Pennies from the Heavens


The Weather Forecast is being put out to tender.

So the Meteorological Office has lost its contract with the BBC to provide and present the weather forecast. After 96 years, it seems it isn't cheap enough so the BBC are "going out to tender" to get better value for money.

Now, there have been a few spectacular mistakes over the years - viz of course Michael Fish's infamous reassurance that there was no hurricane coming in 1987, just before half the country was submerged in gales and floods of supposedly biblical proportions. But the science of weather has improved massively over the decades and the Met, itself a public body, has a global reputation as a paragon of good practice.

However, we live in Neoliberal Land, so, as with nearly everything now, even the weather has to be outsourced. Given that most public service contracts have a supposed split of 60% of the decision being made on quality of service and 40% on price (no one seems able to explain quite how that works in practice), the bids put against the tender may make interesting reading. Who will be putting them in? After all, there's not another Met Office out there and we are more likely to see some commercial organisation take it over. Indeed, on the ITV channels we already see that "the weather is sponsored by" a whole range of private companies - none of whom seem to be very successful at improving the climate.

What might we have ahead of us?

The Sun would be an obvious sponsor for the weather - but in Britain, could they deliver? Amazon could provide us a forecast of warm winds offshore, while the ubiquitous Crapita could give up half way through the shipping forecast when it turns out to be just a bit too difficult for the guy with the tea leaves to be sure if millions of tons of maritime capital should set sail or not.

Typically, when there was no public weather forecast, in 1854, the Government's Board of Trade established the Met as a public service to private maritime companies. Now, with the entire nation benefiting, it is time to sell it off, except that, as has been the case with most privatisation, privately outsourced weather forecasting is highly unlikely to match the Met. This has already been signalled by the fact that when it really counts, the BBC has given up on its new franchisees before they are even known. For severe weather events, it seems, the Corporation will still use the Met forecasts.

However, a concering coda, highlighted by Green Party Energy Speaker Cllr Andrew Cooper, is whether the BBC, now under massive pressure from the Tory Government on a range of issues from funding to editorial, will continue to look to the Met's global leadership on global warming. With a recent programme by rightwing commentator Quentin Letts controversially subverting the Met Office on this very issue with, to say the least, a questionable range of "information", there is a real concern that this major step will undermine the struggle for our planet's future.
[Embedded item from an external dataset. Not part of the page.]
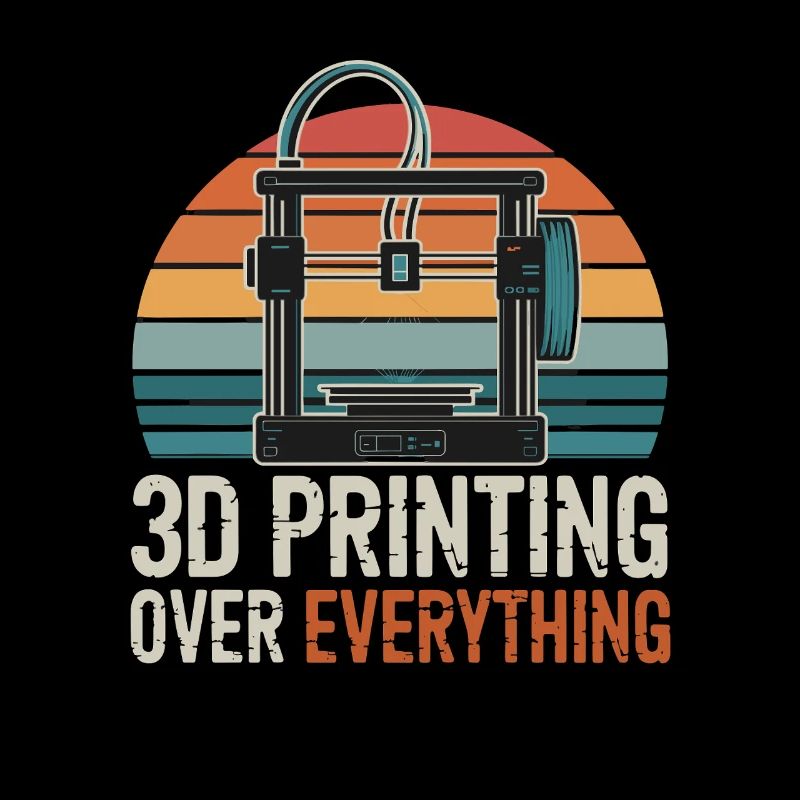  3D Printing Over Everything Retro 3D Druck Maker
What is more public than the weather and providing accurate information on its effects on everything from growing our food to what clothes to wear on a morning? And what should be less commodifiable by profit-seekers than our climate? But, in truth, who is surprised by this latest auctioning off of our society's assets?

So here is the Forecast -
Income swelling and heavy showers of profits expected in City areas. Dividends, good.
Severe public service failure across the UK. Imminent.
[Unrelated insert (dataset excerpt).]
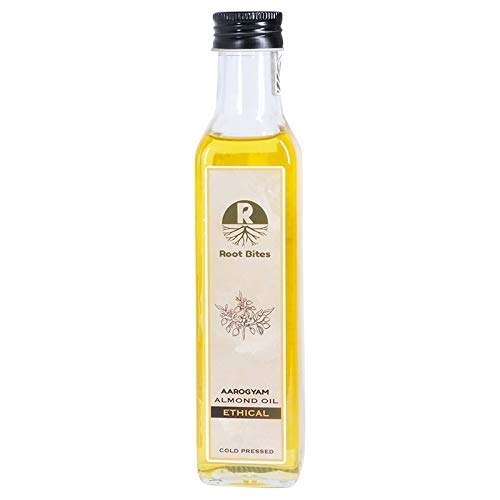 RootBites Aarogyam Almond Cold Pressed Oil & Coconut Oil (250 ml (Pack of 1), Almond Oil)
TAKE ACTION - PETITION THE BBC TO REVERSE THE DECISION TO GO OUT TENDER: PLEASE CLICK HERE

1 comment:

  1. My heart sank when I heard this news yesterday. This sinister move is all part of the process of disinformation on climate change. By removing the Met Office from its public-facing role, the scientifically respected organisation will wither and die. When rising sea levels finally overcome us, we won't know the reason for this any longer. Climate change denial becomes a cultural anaesthetic. A blessing????